Crépuscule à Cordoue
De cette façon, mon père reçoit un fermage régulier sans avoir à se préoccuper des bonnes et des mauvaises récoltes.
— J’espère qu’il ne s’agit pas d’un ami de ton frère, qui lui ressemblerait dans son comportement !
— Non, non, c’est un homme qui traversait une période difficile et cherchait une ferme à louer. Ælianus s’est convaincu qu’il était honnête. Mais il ne devait pas le connaître personnellement. Tu imagines mon frère en train de boire un verre avec un fermier ?
— En province, il a peut-être été obligé de mettre un peu d’eau dans son vin ?
Helena paraissait sceptique.
— Tout ce que je sais, c’est que cet homme, qui s’appelle Marius Optatus, a été le premier à signaler à mon frère qu’il se faisait gruger. Au début, évidemment, Ælianus l’a pris de haut. Puis il a quand même eu le bon sens de vérifier et s’est aperçu que cet homme avait raison.
— Il est surprenant qu’il l’ait écouté.
— Oui, il a dû en être le premier surpris.

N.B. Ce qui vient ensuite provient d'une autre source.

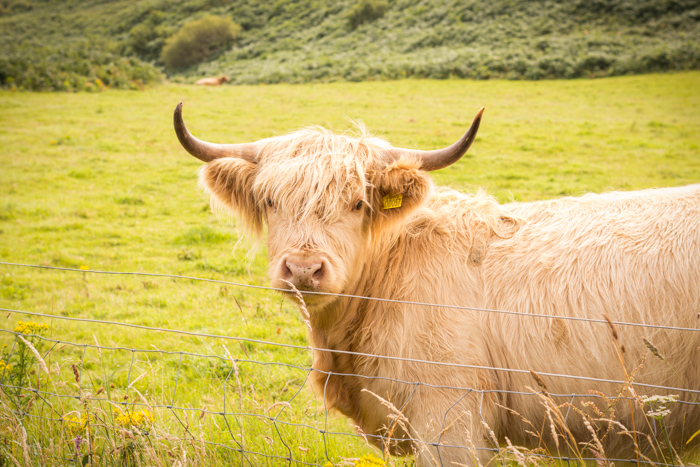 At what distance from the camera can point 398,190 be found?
3301 millimetres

Un locataire aussi honnête, ça me paraissait bien trop beau pour être vrai… Toujours est-il que je n’en espérais pas moins rapporter à l’aimable Camillus que son fils avait fait un bon choix. Malheureusement, pour quelqu’un qui avait été élevé chez des maraîchers, mes connaissances agricoles n’étaient pas très étendues. Néanmoins, je devais être en mesure de constater de grosses anomalies dans la gestion.
Reportant mon attention sur Helena Justina, je la vis préoccupée.
— Marcus, demanda-t-elle. Tu crois ce qu’Ælianus t’a raconté ?
— Sur la ferme ?
— Non. À propos de la lettre qu’il a rapportée à Rome.
— Oui. J’ai eu l’impression qu’il disait la vérité. Quand il a appris de ma bouche ce qui était arrivé au chef espion et à son agent, il a compris qu’il risquait lui-même de sérieux ennuis.
Avant de quitter Rome, j’avais en vain essayé de retrouver la fameuse lettre, mais les papiers d’Anacrites se trouvaient entassés dans un tel désordre que j’y avais renoncé. Et pourtant, j’aurais tellement aimé l’avoir sous les yeux. Même si Ælianus m’avait bien dit la vérité, j’y aurais peut-être découvert un détail qui lui avait échappé. Læta et ses assistants n’avaient pas eu davantage de succès.
La route était de nouveau en triste état. Cette voie d’accès à Cordoue n’était pas à mettre au crédit de la légion travaillant avec compétence au nom d’un homme politique célèbre. Helena Justina évitait pourtant de se plaindre des cahots. Des esclaves appartenant au gouvernement devaient certainement procéder à des réparations urgentes, mais elles n’avaient pas été programmées avant notre passage.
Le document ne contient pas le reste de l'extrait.